(Dataset items)

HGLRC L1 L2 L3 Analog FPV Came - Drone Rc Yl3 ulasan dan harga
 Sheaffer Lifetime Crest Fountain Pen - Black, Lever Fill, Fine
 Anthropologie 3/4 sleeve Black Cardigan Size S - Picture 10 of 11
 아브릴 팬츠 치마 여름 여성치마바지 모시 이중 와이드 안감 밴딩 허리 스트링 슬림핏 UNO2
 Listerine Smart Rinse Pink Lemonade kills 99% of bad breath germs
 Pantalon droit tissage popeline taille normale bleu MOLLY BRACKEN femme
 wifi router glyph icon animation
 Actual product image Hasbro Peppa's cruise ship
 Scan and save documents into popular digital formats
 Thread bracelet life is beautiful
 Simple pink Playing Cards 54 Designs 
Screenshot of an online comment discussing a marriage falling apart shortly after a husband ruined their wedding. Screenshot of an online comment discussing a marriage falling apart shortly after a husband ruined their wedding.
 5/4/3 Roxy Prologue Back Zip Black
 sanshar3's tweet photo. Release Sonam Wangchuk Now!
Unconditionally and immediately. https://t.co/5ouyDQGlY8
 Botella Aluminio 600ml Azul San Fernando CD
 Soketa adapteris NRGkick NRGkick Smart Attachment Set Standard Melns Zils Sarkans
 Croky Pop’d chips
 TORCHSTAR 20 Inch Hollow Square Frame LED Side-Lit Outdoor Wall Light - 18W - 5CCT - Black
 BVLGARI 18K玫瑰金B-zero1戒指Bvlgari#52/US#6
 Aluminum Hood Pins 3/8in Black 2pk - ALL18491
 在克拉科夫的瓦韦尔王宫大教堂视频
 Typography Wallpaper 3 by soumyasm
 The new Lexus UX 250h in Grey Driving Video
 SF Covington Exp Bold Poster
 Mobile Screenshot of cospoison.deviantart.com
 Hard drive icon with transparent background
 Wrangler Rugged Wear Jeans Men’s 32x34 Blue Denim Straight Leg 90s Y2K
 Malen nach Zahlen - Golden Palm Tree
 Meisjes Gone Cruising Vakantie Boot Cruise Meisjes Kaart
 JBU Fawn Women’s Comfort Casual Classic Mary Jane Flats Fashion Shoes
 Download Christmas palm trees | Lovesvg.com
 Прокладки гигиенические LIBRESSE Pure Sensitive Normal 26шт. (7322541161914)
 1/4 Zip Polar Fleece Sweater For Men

[Activity] From the records above, extract exactly and only the lines that begin at the line with "wifi router glyph icon animation" and stop after the line with "The new Lexus UX 250h in Grey Driving Video".

[Solution]
 wifi router glyph icon animation
 Actual product image Hasbro Peppa's cruise ship
 Scan and save documents into popular digital formats
 Thread bracelet life is beautiful
 Simple pink Playing Cards 54 Designs 
Screenshot of an online comment discussing a marriage falling apart shortly after a husband ruined their wedding. Screenshot of an online comment discussing a marriage falling apart shortly after a husband ruined their wedding.
 5/4/3 Roxy Prologue Back Zip Black
 sanshar3's tweet photo. Release Sonam Wangchuk Now!
Unconditionally and immediately. https://t.co/5ouyDQGlY8
 Botella Aluminio 600ml Azul San Fernando CD
 Soketa adapteris NRGkick NRGkick Smart Attachment Set Standard Melns Zils Sarkans
 Croky Pop’d chips
 TORCHSTAR 20 Inch Hollow Square Frame LED Side-Lit Outdoor Wall Light - 18W - 5CCT - Black
 BVLGARI 18K玫瑰金B-zero1戒指Bvlgari#52/US#6
 Aluminum Hood Pins 3/8in Black 2pk - ALL18491
 在克拉科夫的瓦韦尔王宫大教堂视频
 Typography Wallpaper 3 by soumyasm
 The new Lexus UX 250h in Grey Driving Video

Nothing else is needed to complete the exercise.